TASK =>
For the data below, transcribe the part that opens with the line containing "New 2025 Ford" and closes with the line containing "LIXADORA VIBRATRIA 18V XR DCW200NT-XJ DEWALT", exactly and with no pictures.

-- RECORDS PROVIDED follows --

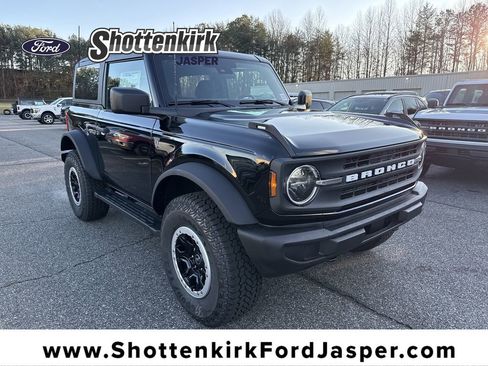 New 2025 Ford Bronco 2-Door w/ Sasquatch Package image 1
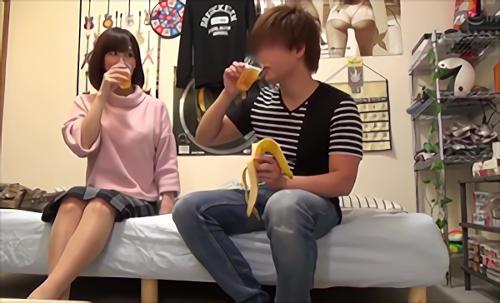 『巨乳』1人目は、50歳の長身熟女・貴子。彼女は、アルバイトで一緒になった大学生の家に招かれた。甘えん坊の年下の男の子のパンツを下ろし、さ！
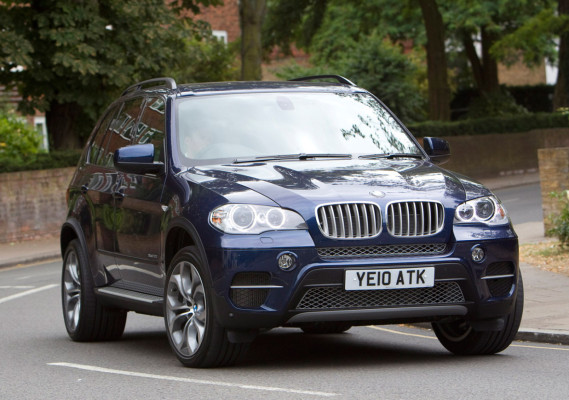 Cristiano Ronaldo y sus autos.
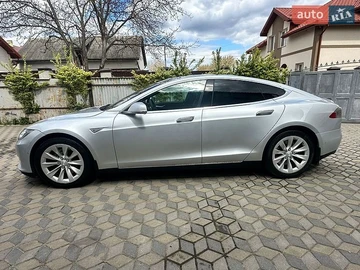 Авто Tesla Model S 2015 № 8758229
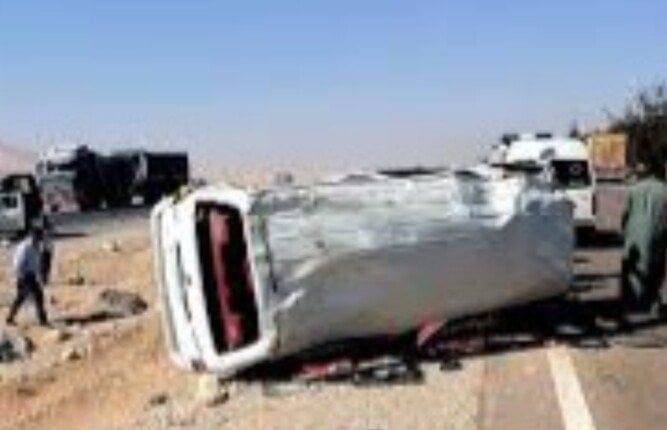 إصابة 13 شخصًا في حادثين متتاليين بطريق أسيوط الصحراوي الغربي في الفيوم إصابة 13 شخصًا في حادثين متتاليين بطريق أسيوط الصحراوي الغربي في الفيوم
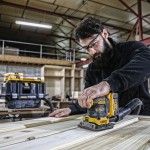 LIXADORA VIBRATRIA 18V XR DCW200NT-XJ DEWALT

-- RECORDS PROVIDED concluded --
-- RECORDS PROVIDED follows --

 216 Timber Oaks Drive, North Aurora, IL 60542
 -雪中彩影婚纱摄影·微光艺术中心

-- RECORDS PROVIDED concluded --
-- RECORDS PROVIDED follows --

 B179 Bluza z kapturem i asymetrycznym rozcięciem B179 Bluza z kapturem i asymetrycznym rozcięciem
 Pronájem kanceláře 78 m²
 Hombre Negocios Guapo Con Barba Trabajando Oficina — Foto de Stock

-- RECORDS PROVIDED concluded --

WRITTEN ANSWER =>
 New 2025 Ford Bronco 2-Door w/ Sasquatch Package image 1
 『巨乳』1人目は、50歳の長身熟女・貴子。彼女は、アルバイトで一緒になった大学生の家に招かれた。甘えん坊の年下の男の子のパンツを下ろし、さ！
 Cristiano Ronaldo y sus autos.
 Авто Tesla Model S 2015 № 8758229
 إصابة 13 شخصًا في حادثين متتاليين بطريق أسيوط الصحراوي الغربي في الفيوم إصابة 13 شخصًا في حادثين متتاليين بطريق أسيوط الصحراوي الغربي في الفيوم
 LIXADORA VIBRATRIA 18V XR DCW200NT-XJ DEWALT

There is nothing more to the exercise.